Work instruction: Copy the listing below exactly, but skip the pictures.

Input data:

= = = = =

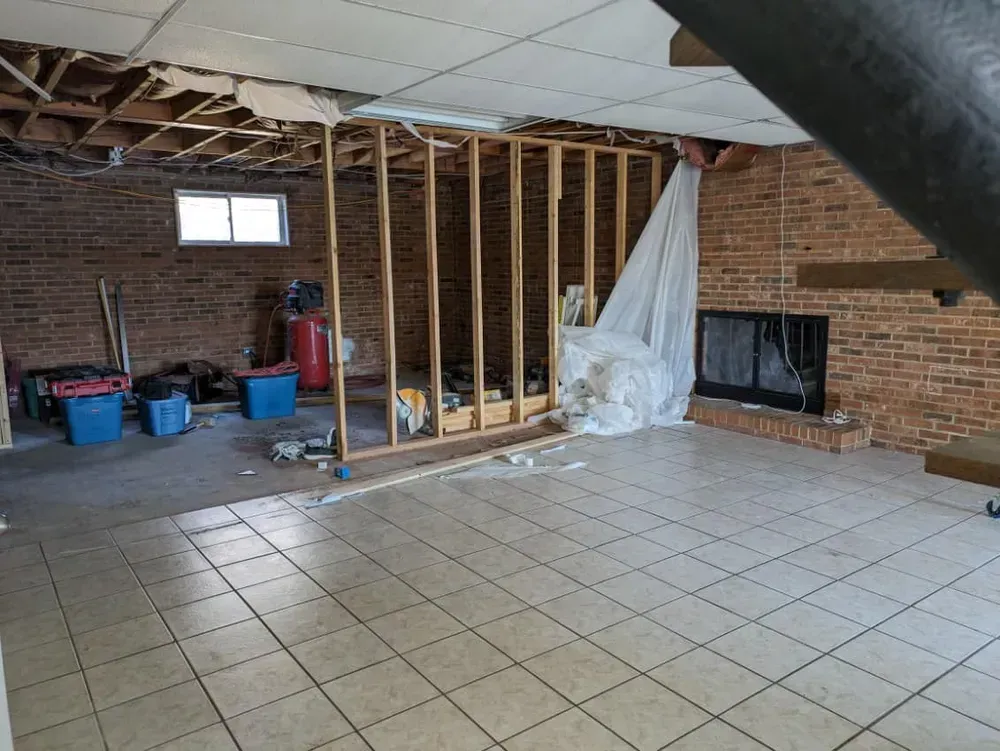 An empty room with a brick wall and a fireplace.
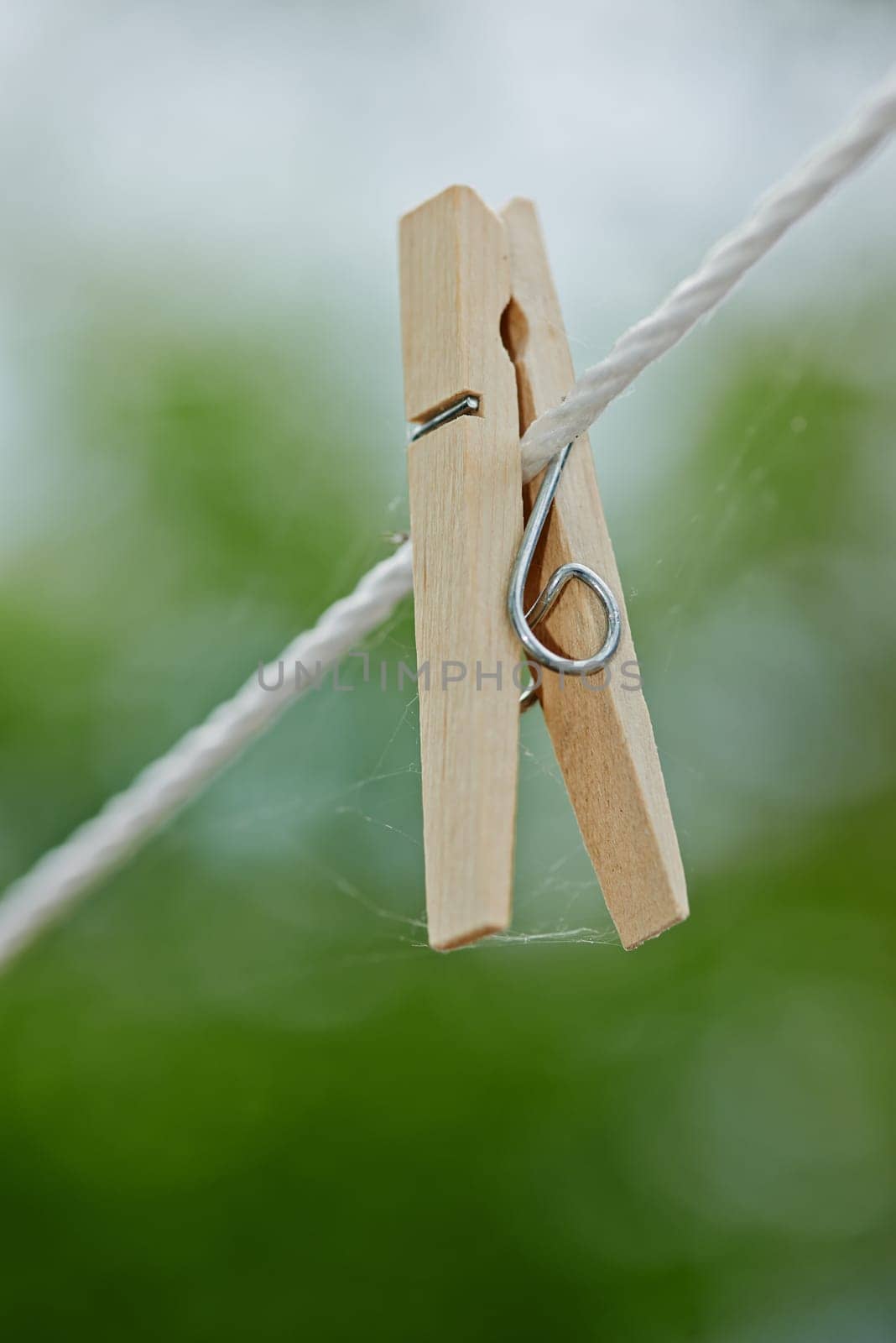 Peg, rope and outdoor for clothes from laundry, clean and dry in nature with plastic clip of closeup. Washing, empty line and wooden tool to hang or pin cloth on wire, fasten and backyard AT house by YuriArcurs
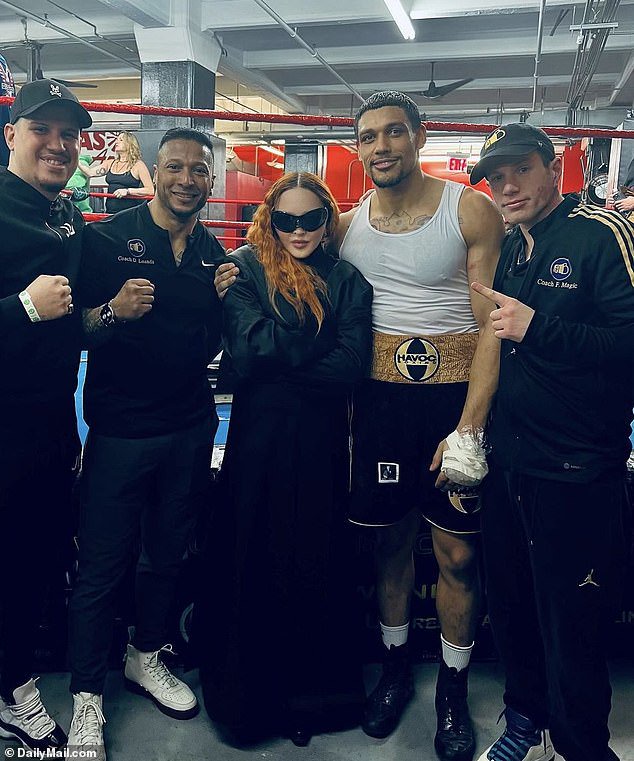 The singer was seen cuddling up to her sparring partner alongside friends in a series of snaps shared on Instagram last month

= = = = =

Completed task:
 An empty room with a brick wall and a fireplace.
 Peg, rope and outdoor for clothes from laundry, clean and dry in nature with plastic clip of closeup. Washing, empty line and wooden tool to hang or pin cloth on wire, fasten and backyard AT house by YuriArcurs
 The singer was seen cuddling up to her sparring partner alongside friends in a series of snaps shared on Instagram last month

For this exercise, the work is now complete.